5542 Moffatt

Discovery
- Discovered by: Perth Obs.
- Discovery site: Perth Obs.
- Discovery date: 6 August 1978

Designations
- Named after: Ethelwin Moffatt (Australian philanthropist)
- Alternative designations: 1978 PT_{4} · 1986 LL
- Minor planet category: main-belt · (middle) Maria · Eunomia

Orbital characteristics
- Epoch 23 March 2018 (JD 2458200.5)
- Uncertainty parameter 0
- Observation arc: 39.71 yr (14,505 d)
- Aphelion: 3.0022 AU
- Perihelion: 2.1727 AU
- Semi-major axis: 2.5874 AU
- Eccentricity: 0.1603
- Orbital period (sidereal): 4.16 yr (1,520 d)
- Mean anomaly: 128.69°
- Mean motion: 0° 14^{m} 12.48^{s} / day
- Inclination: 15.877°
- Longitude of ascending node: 116.56°
- Argument of perihelion: 263.20°

Physical characteristics
- Mean diameter: 8.597±0.183 km 10.06 km (calculated)
- Synodic rotation period: 5.187±0.001 h 5.195 h
- Geometric albedo: 0.21 (assumed) 0.345±0.055
- Spectral type: S (assumed)
- Absolute magnitude (H): 12.1 12.3 12.67±0.25

= 5542 Moffatt =

Main-belt asteroid

5542 Moffatt, provisional designation , is a Marian asteroid from the central regions of the asteroid belt, approximately 9 km in diameter. It was discovered on 6 August 1978, by astronomers at the Perth Observatory in Bickley, Australia. The likely S-type asteroid has a rotation period of 5.19 hours. It was named for Australian Ethelwin Moffatt, a benefactor of the discovering observatory.

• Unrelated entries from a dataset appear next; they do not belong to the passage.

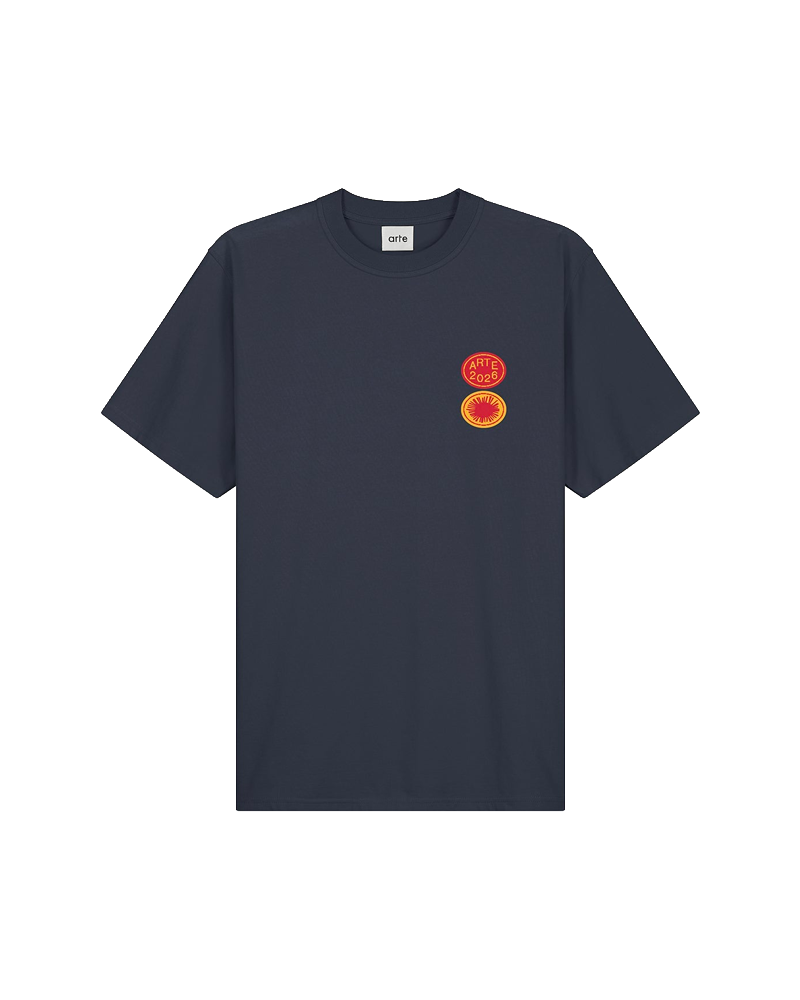 SUN STAMP T-SHIRT NAVY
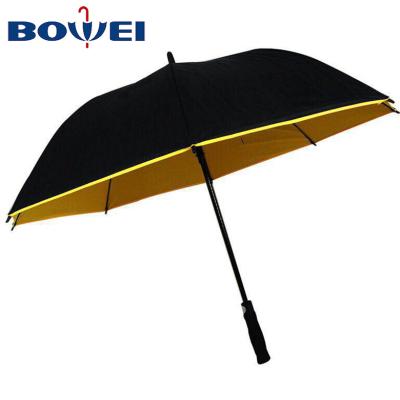 China Factory Direct Selling Large Car 3 Person Upright Golf Contemporary Windproof Automatic Open Pongee Automatic Umbrella With Case for sale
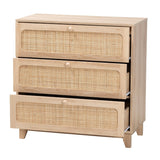 Modern European furniture - Oak Japandi 3 Drawer Cabinet - www.oroa.com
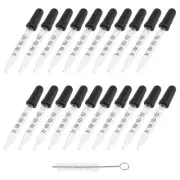 20Pcs 1Ml Glass Liquid Droppers, Eye Dropper Pipettes with Black Suction6907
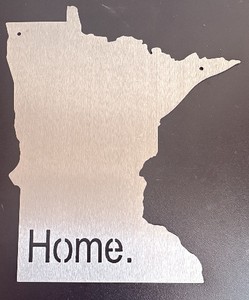 Metal Cutout of Minnesota Wall Art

== Orbit and classification ==

Moffatt is a core member of the Maria family (506), a large intermediate belt family of stony asteroids. Alternatively, it has also been assigned to the stony Eunomia family (502), one of the most prominent families in the intermediate main belt with more than 5,000 members.

It orbits the Sun in the central main-belt at a distance of 2.2–3.0 AU once every 4 years and 2 months (1,520 days; semi-major axis of 2.59 AU). Its orbit has an eccentricity of 0.16 and an inclination of 16° with respect to the ecliptic. The body's observation arc begins with its first observation at Palomar Observatory in July 1978, a month prior to its official discovery observation at Bickley.

== Physical characteristics ==

Moffatt is an assumed stony S-type asteroid.

=== Rotation period ===

In November 2011, a rotational lightcurve of Moffatt was obtained from photometric observations by Chinese astronomers using the SARA telescopes of the Southeastern Association for Research in Astronomy at Kitt Peak and CTIO. Lightcurve analysis gave a rotation period of 5.187 hours and a brightness variation of 0.12 magnitude (U=2+). This supersedes a previous result from a fragmentary lightcurve by that gave a period of 5.195 hours with an amplitude of 0.27 magnitude (U=1).

=== Diameter and albedo ===

According to the survey carried out by the NEOWISE mission of NASA's Wide-field Infrared Survey Explorer, Moffatt measures 8.597 kilometers in diameter and its surface has a high albedo of 0.345. The Collaborative Asteroid Lightcurve Link assumes an albedo of 0.21 – derived from 15 Eunomia, the parent body of the Eunomia family – and calculates a diameter of 10.06 kilometers based on an absolute magnitude of 12.3.

== Naming ==

This minor planet was named after Australian Ethelwin Moffatt (née Winzar, born 1926), a benefactor of the discovering Perth Observatory and a direct descendant of John Flamsteed (1646–1719), the first Astronomer Royal. The official naming citation was published by the Minor Planet Center on 2 September 2001 (M.P.C. 43380).